I'm not yet convinced that it's true, though.  To begin with, it's probably
safe to say that some of the Twelf advocates would challenge your assertion
that Twelf is just as bad as other approaches for most things. :-) Moreover,
so far we've only seen two concrete answers to the challenge, and there are
a few other representation techniques out there that also seem extremely
promising -- for example, Christian Urban's nominal approach and Michael
Norrish's method based on the Gordon-Melham axioms.  So I am still holding
out hope that someone will give me something close to what I want.
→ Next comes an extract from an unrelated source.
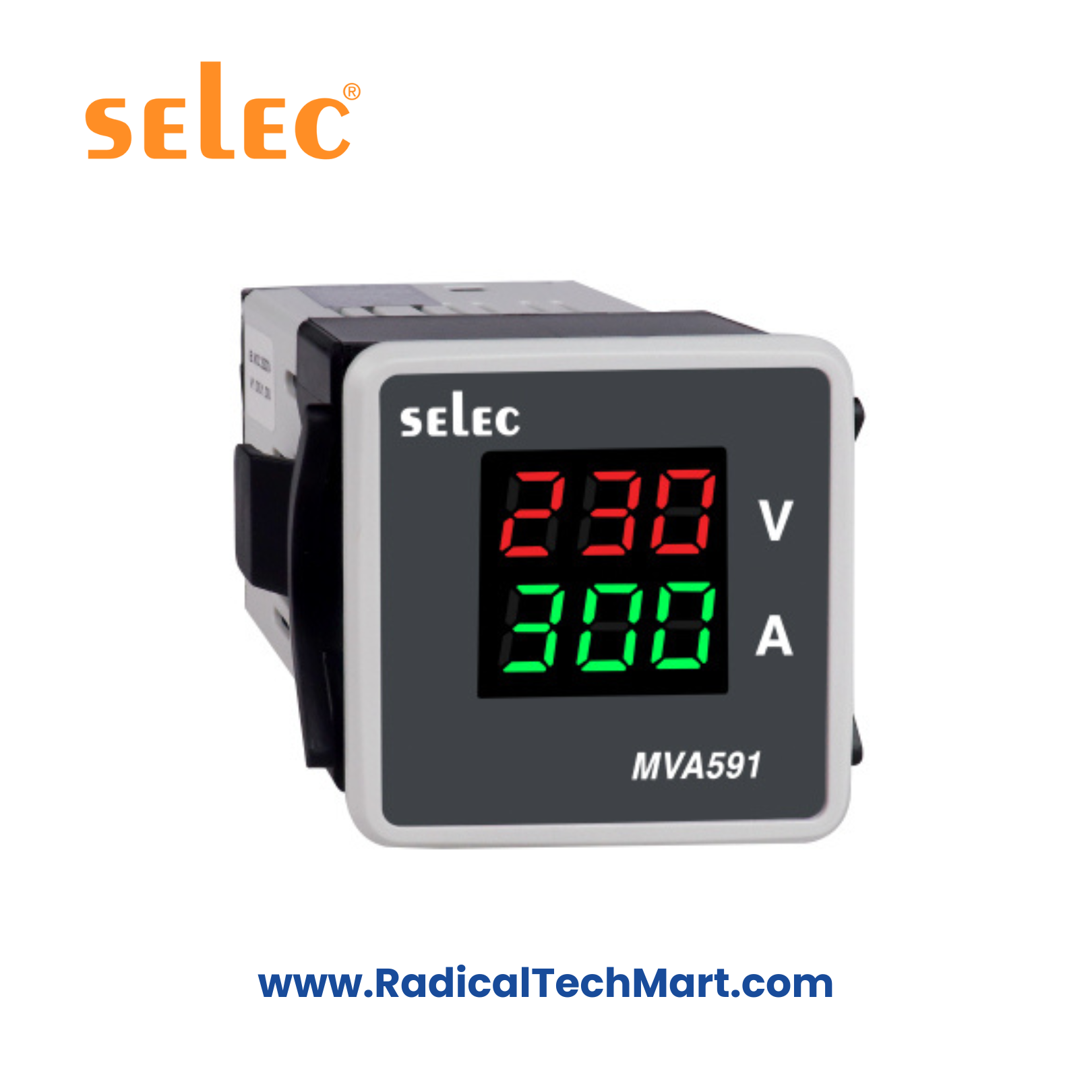 Selec MVA591 LED Volt-Amp Meter 1 Phase 48x48mm Front View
> I'd encourage the POPLMark authors to write a bunch of "use cases" for 
> some of the benchmarks. i.e. assuming they have their ideal mechanized 
> metatheory, what exactly would they do with it? Extract an executable 
> type-checker from the specification? Emit a witness to be certified by a 
> trusted verifier? Integrate the result into a larger verification 
> system?  Comparing a particular solution to a benchmark against a set of 
> fixed applications, I think would help focus and clarify the evaluation 
> process.

The benchmarks themselves are indended to serve as the kind of use-cases you
are asking for.  In particular, problem 3 is closely related to your
"Extract an executable type-checker from the specification."  We chose to
include this and exclude your other use-cases because this is the one that
we felt was the most important for our specific aim of "formalizing all (or
at least many) POPL papers."  

Of course, our current set of challenge problems is not exhaustive, and we
do plan at some point to augment it with some additional challenges that
bring out important formalization issues not raised by the current problems.
But we also needed to keep things manageable for people that want to respond
to the challenge, so we are not going to propose new problems until we've
seen (a) what people can do with these, and (b) what small set of further
challenges would have the best distinguishing power.